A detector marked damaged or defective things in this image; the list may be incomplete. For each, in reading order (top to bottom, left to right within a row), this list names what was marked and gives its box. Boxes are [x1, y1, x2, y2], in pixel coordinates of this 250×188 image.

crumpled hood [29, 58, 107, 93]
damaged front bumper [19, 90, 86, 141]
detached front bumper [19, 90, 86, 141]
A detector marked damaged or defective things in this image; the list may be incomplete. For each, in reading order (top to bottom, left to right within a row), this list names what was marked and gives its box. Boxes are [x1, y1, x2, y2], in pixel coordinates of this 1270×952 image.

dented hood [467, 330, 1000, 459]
• • • • • • •
*YOUR ASSIGNMENT*: Restate the tail of the listing word for word, beginning at the line containing "this 1270×952 image.".

*RESPONSE BELOW*:
A detector marked damaged or defective things in this image; the list may be incomplete. For each, in reading order (top to bottom, left to right within a row), this list names what was marked and gives its box. Boxes are [x1, y1, x2, y2], in pixel coordinates of this 1270×952 image.

dented hood [467, 330, 1000, 459]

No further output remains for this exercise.